EXERCISE BRIEF: Beneath this sentence is a listing. Return its lines from the one containing "嘉鱼盘龙204大量上市，质优价廉！口感甜面，有需要的联系" through the last, exactly, and omit the pictures.

THE DATA:
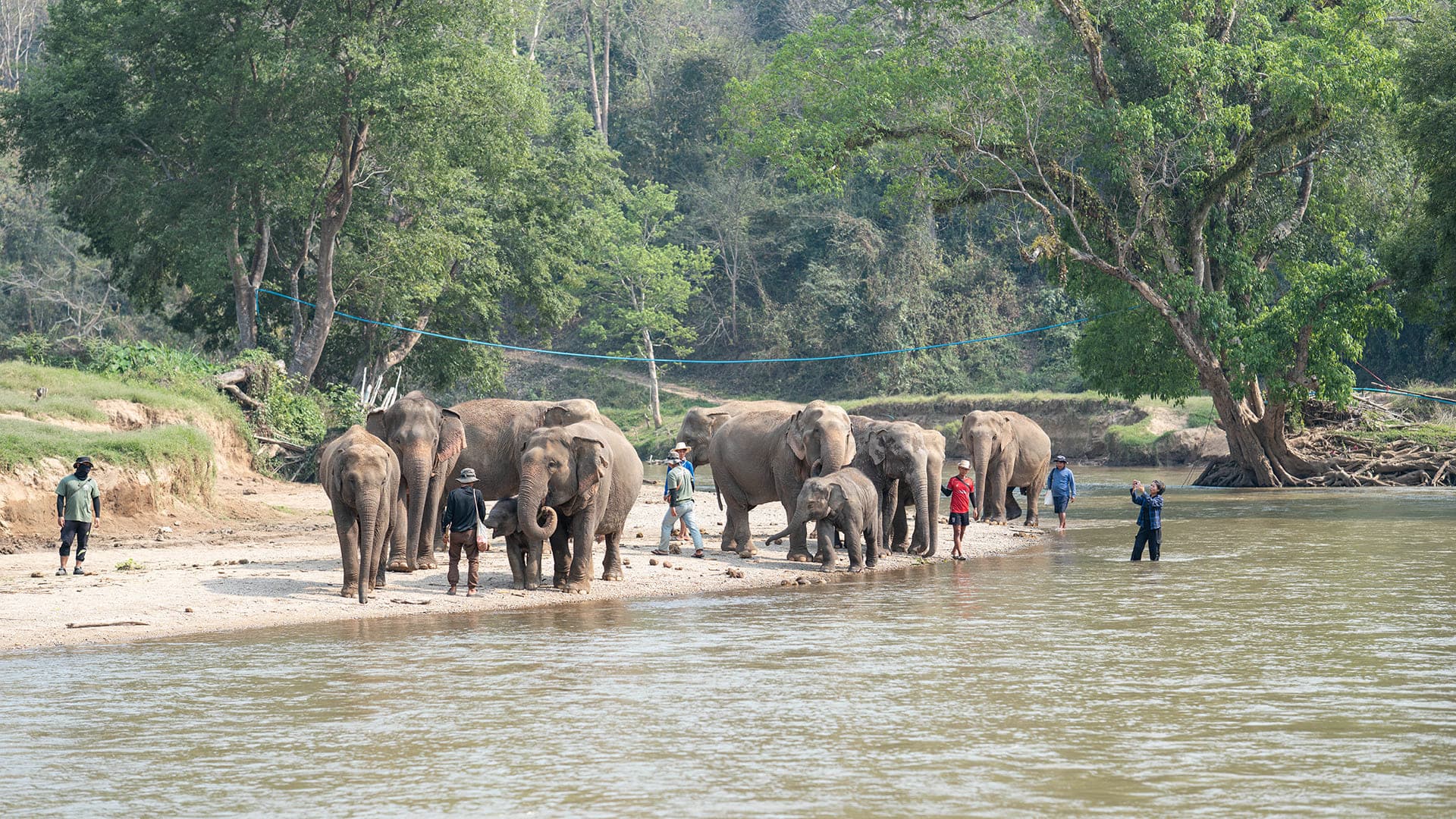 Walking with Giants Half Day at New Elephant Home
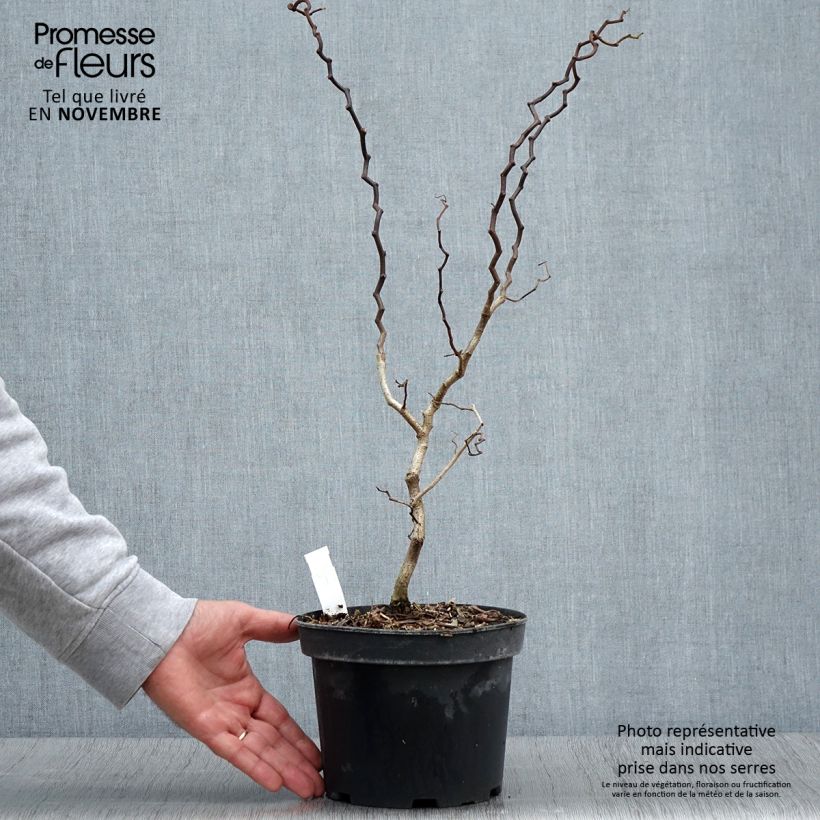 Ejemplar de Robinia pseudoacacia Twisty Baby Lace Lady - Falsa acacia Maceta 3L/4L entregado en otoño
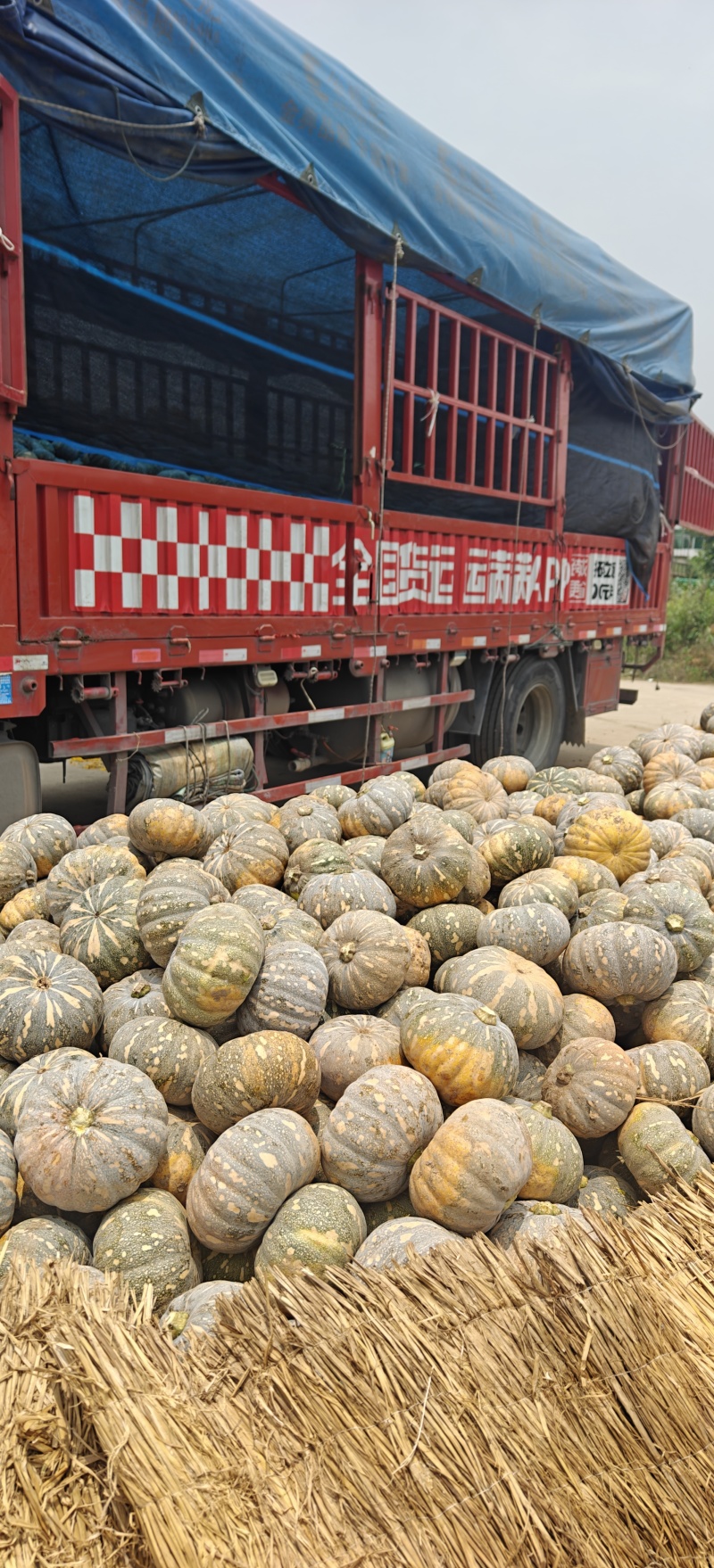 嘉鱼盘龙204大量上市，质优价廉！口感甜面，有需要的联系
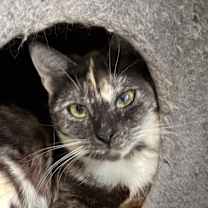 Thumbnail photo of EDEN #2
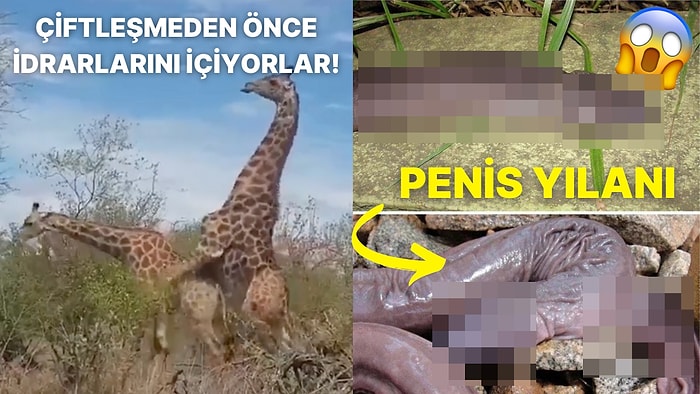 Doğanın Korkutucu Yüzünü İliklerinize Kadar Hissetmenize Sebep Olacak Birbirinden Ürkütücü 15 Yeni Fotoğraf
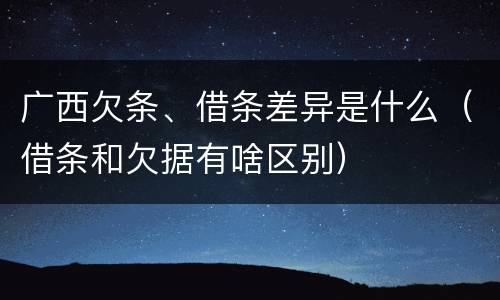 广西欠条、借条差异是什么（借条和欠据有啥区别）
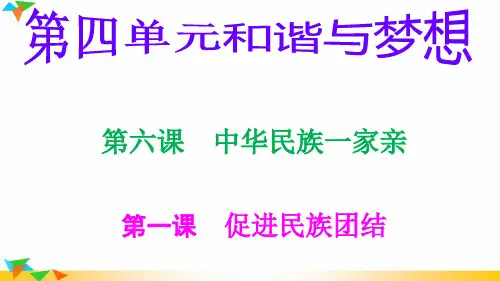 部编人教版九年级道德与法治上册7.1促进民族团结(19张PPT)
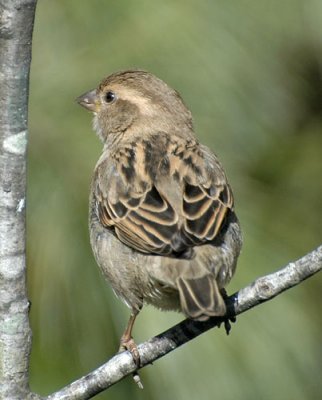 Birds 2009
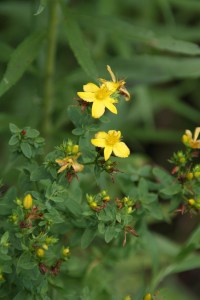 Invasive St. Johnswort, Hypericum perforatum.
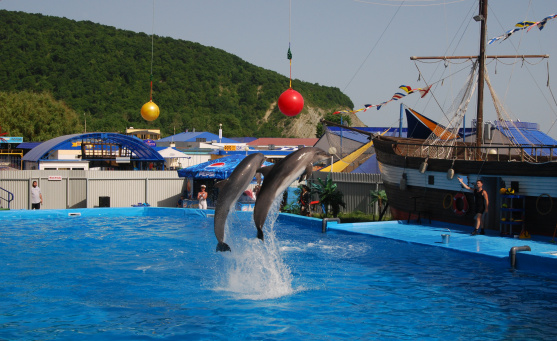 Архипо-Осиповский дельфинарий
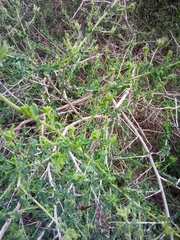 Adenocarpus telonensis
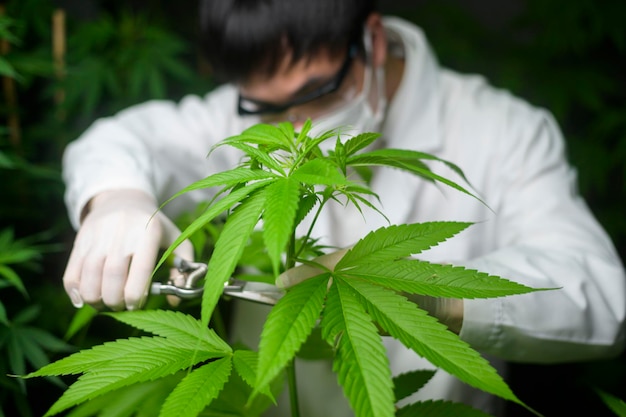 El científico está recortando o cortando la parte superior del cannabis para planificar, concepto de medicina alternativa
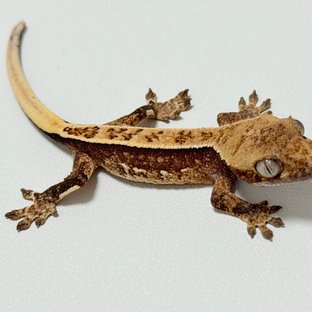 노멀 드리피 화이트스팟 풀핀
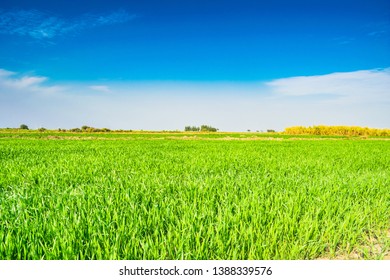 Beautiful Green Fields Of Wheat In Punjab Pakistan ,landscape With Blue Sky In Background.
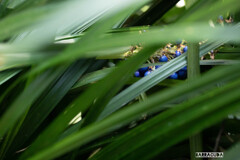 ノシランという植物です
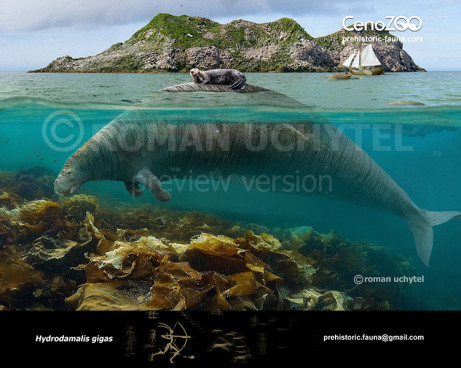 Steller's Cow (Hydrodamalis gigas)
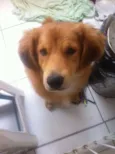 Bob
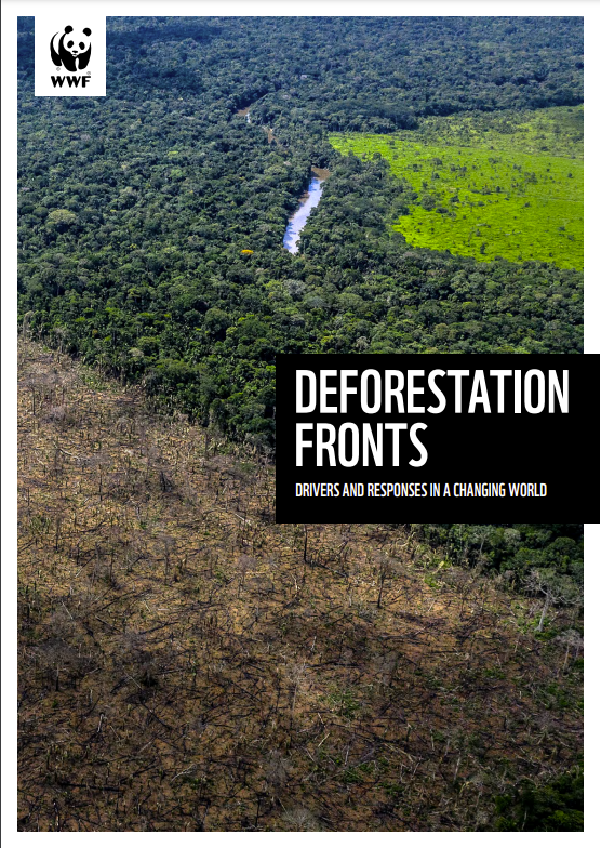 Deforestation Fronts: Drivers and Responses in a Changing World – Full Report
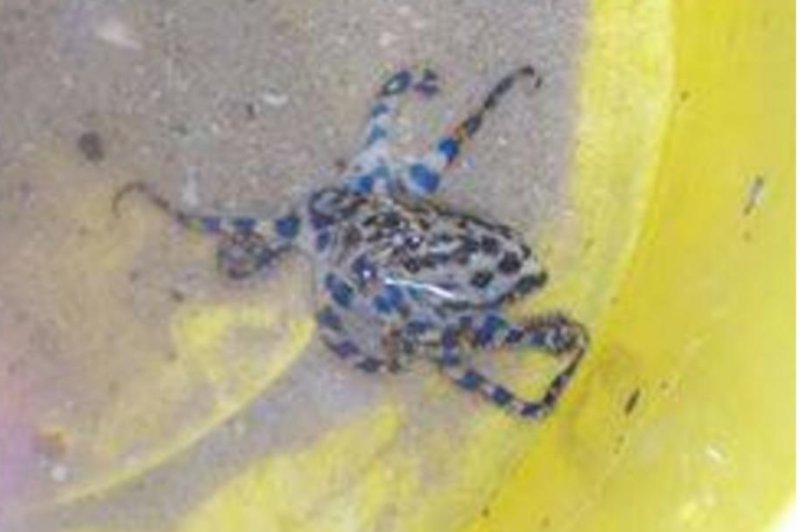 A deadly blue-ringed octopus was found hiding inside a tennis ball while children were playing with it on the shore of Australia's Swan River. <a class="tpstyle" href="https://www.facebook.com/RiverGuardians1/photos/pcb.10153643842377523/10153643823747523/?type=3&theater">Photo courtesy of River Guardians/Facebook</a>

EXPECTED OUTPUT:
 嘉鱼盘龙204大量上市，质优价廉！口感甜面，有需要的联系
 Thumbnail photo of EDEN #2
 Doğanın Korkutucu Yüzünü İliklerinize Kadar Hissetmenize Sebep Olacak Birbirinden Ürkütücü 15 Yeni Fotoğraf
 广西欠条、借条差异是什么（借条和欠据有啥区别）
 部编人教版九年级道德与法治上册7.1促进民族团结(19张PPT)
 Birds 2009
 Invasive St. Johnswort, Hypericum perforatum.
 Архипо-Осиповский дельфинарий
 Adenocarpus telonensis
 El científico está recortando o cortando la parte superior del cannabis para planificar, concepto de medicina alternativa
 노멀 드리피 화이트스팟 풀핀
 Beautiful Green Fields Of Wheat In Punjab Pakistan ,landscape With Blue Sky In Background.
 ノシランという植物です
 Steller's Cow (Hydrodamalis gigas)
 Bob
 Deforestation Fronts: Drivers and Responses in a Changing World – Full Report
 A deadly blue-ringed octopus was found hiding inside a tennis ball while children were playing with it on the shore of Australia's Swan River. <a class="tpstyle" href="https://www.facebook.com/RiverGuardians1/photos/pcb.10153643842377523/10153643823747523/?type=3&theater">Photo courtesy of River Guardians/Facebook</a>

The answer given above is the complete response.